A close-up of Ladd preparing to jump. 


Screenshot from the 1942 film noir, This Gun For Hire, starring Alan Ladd and Veronica Lake.  Interesting to learn that the movie was based on a novel by Graham Greene who I like a lot.  Ladd plays the character Philip Raven, who'd been double-crossed (aren't they all?) and his honeypot in the movie is none other than Veronica Lake.  

The scene above comes from the 1942 film noir, This Gun for Hire, starring Alan Ladd and Veronica Lake.  It's a classic film noir, and if you like Alan Ladd at all, in movies like, Shane (1953), then you'll love This Gun For Hire.  It rents for $4.  

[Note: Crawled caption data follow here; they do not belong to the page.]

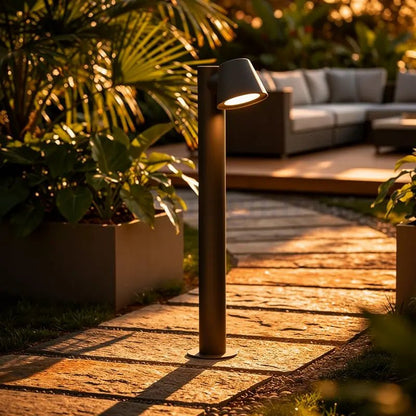 Détail Borne extérieure Gina Faro Barcelona - Éclairage jardin IP44 
en situation dans une allée de jardin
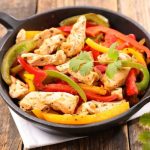coniglio con peperoni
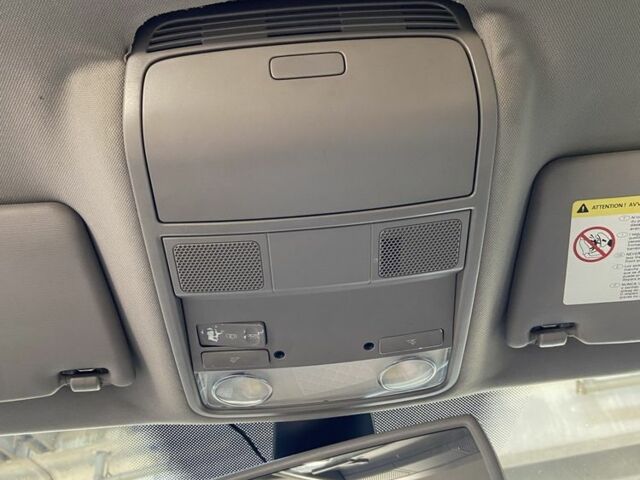 Фольксваген Пассат 2010 в Одессе на Automoto.ua Серый Фольксваген Пассат, объемом двигателя 2 л и пробегом 235 тыс. км за 6200 $, фото 18 на Automoto.ua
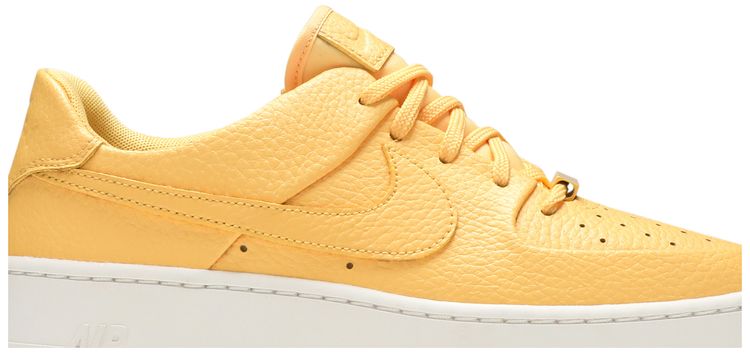 Nike Wmns Air Force 1 Sage Low Topaz Gold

I posted this picture because my dad would take Tom and Joe, and me and park at the curb of the eastbound side of Broadway, directly in front of that pedestrian bridge that used to run over the yard to Spring Street on the south side.  We used to run across this bridge, before and after they added the reinforcing chain link fence, sometimes in the late afternoon of a Sunday evening following a Dodgers game.  Or, on more than a few occasions, Dad would take us in the evening and into the night and run across it.  At the 1:28 mark in the clip above, you can see the scene in question; it offers a fuller view of the bridge back in 1942.  By the time we hit the bridge in the early 70s, it was in disrepair.  It was a mixture of excitement and fear, for the bridge had missing planks and I kept imagining my foot getting stuck in the opening or worse, falling through, which was impossible but as was my wont I imagined the worst.  Dad always knew how to make things exciting.  And it was. Dad got to review his youth when on this bridge, for with his friends from Cathedral High School he would jump from this bridge, exactly as Alan Ladd is doing above, and jump on top of the moving boxcars.  

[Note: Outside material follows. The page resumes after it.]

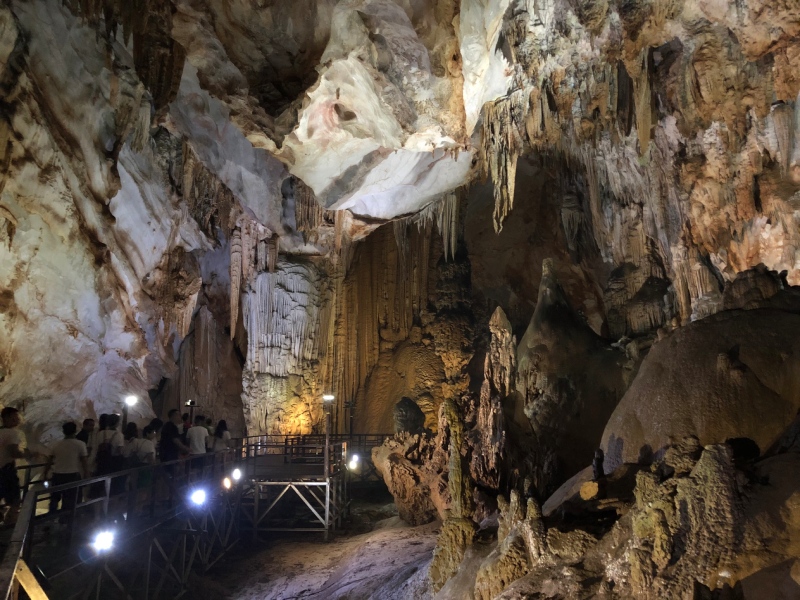 Tour biển Nhật Lệ Phong Nha 4 ngày 3 đêm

Here is what the Pasadena Freeway looked like back in 1938.  It was called Figueroa Boulevard back then. 


Thanks to the LA Public Library Collection for this shot above, titled "Railroad tracks and trains, 1939." 


The Southern Pacific Railroad's River Depot in the 1920s. The photo is taken from present-day Radio Hill. North Broadway Street can be seen just below the hill. On North Broadway Street, near the right edge of the image is the Basso car dealership. Across the railroad yard is the neighborhood known as Dogtown. , a reference to the Anne Street Animal Shelter, located near 1300 Cardinal Street, Los Angeles, CA 90012.  On September 5, 2023, I asked Dan about these neighborhoods, and he replied, 
Great job of researching and posting.  Dogtown was called that because of the "dog pound" or "shelter" where many dogs entered the next life. 
It was an area between N. Main Street and N. Spring Street from College to the L A River.
Radio Hill was part of Elysian Park areaI used to run all around this area on my lunch break from 1990 til 2000.





On September 20, 2023, I asked Dan the following
I think Dad told me once that Maimi lived south of the Cornfield Railyard, south of Main Street, that he would walk south across the footbridge over the railyard to Main but from there I couldn't tell which direction other than farther south.  Do you know if Maimi lived south of Main there?  Do you happen to have that old address of hers?  Thanks, Dan.  
And he replied,
I believe the Scoleri's lived in the general vicinity of S. Avenue 20 [which is also N. San Fernando Road] and Pasadena Avenue east of the LA River and west of the 5 Frwy.  I sort of remember Dad saying  something about the Scoleri's living in that general area.  They later moved to Alhambra, then to Michillinda, and then to Santa Anita . . . .

When driving into downtown Los Angeles on a Saturday morning, Dad would more than occasionally drive south on Mission Road, past Lincoln Park, and turn west onto Main Street into downtown Los Angeles.  So maybe he did that just so that he could pass by the old neighborhood where he grew up around good memories with his cousin, Maimi, and near Cathedral HS.